You can see that there is special handling here for sm120, but my understanding is that this instruction should be supported on an RTX 5090. And the address I obtained during debugging matches the description in my question, and it doesn’t seem to be abnormal. So why does it cause an illegal instruction on this device?

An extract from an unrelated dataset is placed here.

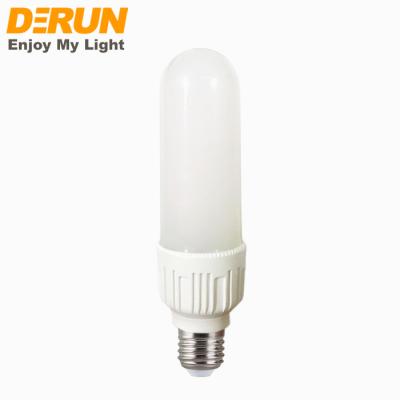 China Residential Indoor Home Lighting Plastic 7W 9W 12W 18W 220V 240V 11V 130V Led Corn Bulb, LED-U for sale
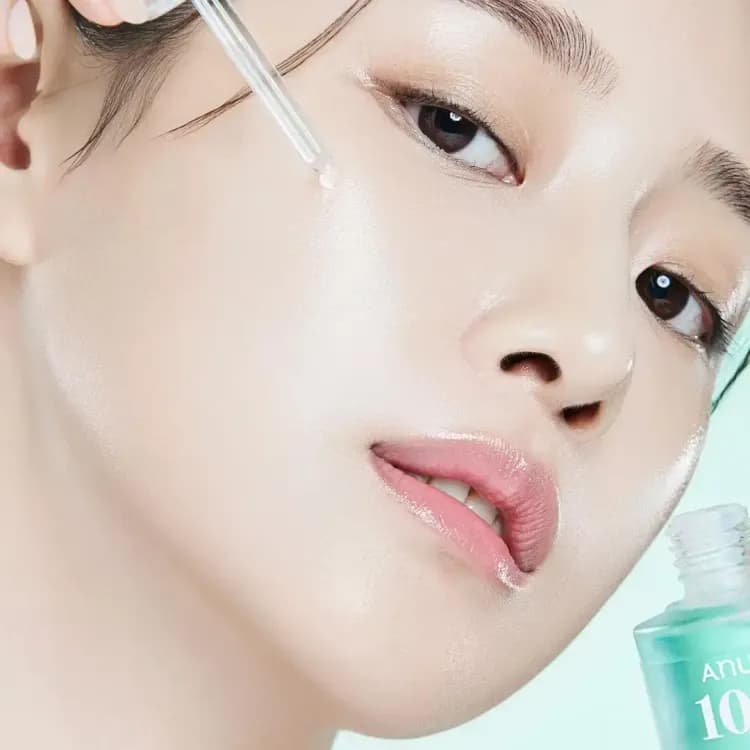 Anua Pdrn Hyaluronic Acid Capsule 100 Serum 30ml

#if defined(CUTE_ARCH_TMA_SM90_ENABLED)
    uint64_t gmem_int_desc = reinterpret_cast<uint64_t>(desc_ptr);
    uint32_t smem_int_mbar = cast_smem_ptr_to_uint(mbar_ptr);
    uint32_t smem_int_ptr  = cast_smem_ptr_to_uint(smem_ptr);
    cutlass::arch::synclog_emit_tma_load(__LINE__, gmem_int_desc, smem_int_mbar, smem_int_ptr);
#if defined(CUTE_ARCH_TMA_SM120_ENABLED)
    asm volatile (
      "cp.async.bulk.tensor.2d.shared::cta.global.mbarrier::complete_tx::bytes.L2::cache_hint"
      " [%0], [%1, {%3, %4}], [%2], %5;"
      :
      : "r"(smem_int_ptr), "l"(gmem_int_desc), "r"(smem_int_mbar),
        "r"(crd0), "r"(crd1), "l"(cache_hint)
      : "memory");
#else
    asm volatile (
      "cp.async.bulk.tensor.2d.shared::cluster.global.mbarrier::complete_tx::bytes.L2::cache_hint"
      " [%0], [%1, {%3, %4}], [%2], %5;"
      :
      : "r"(smem_int_ptr), "l"(gmem_int_desc), "r"(smem_int_mbar),
        "r"(crd0), "r"(crd1), "l"(cache_hint)
      : "memory");
#endif

If you have time and it’s convenient, I can provide my original CUTLASS code along with the setup and test files for you to examine. Thank you very much.

Thank you for the additional experiment. It really helps. So my address results seem like the combined result of multiple clusters?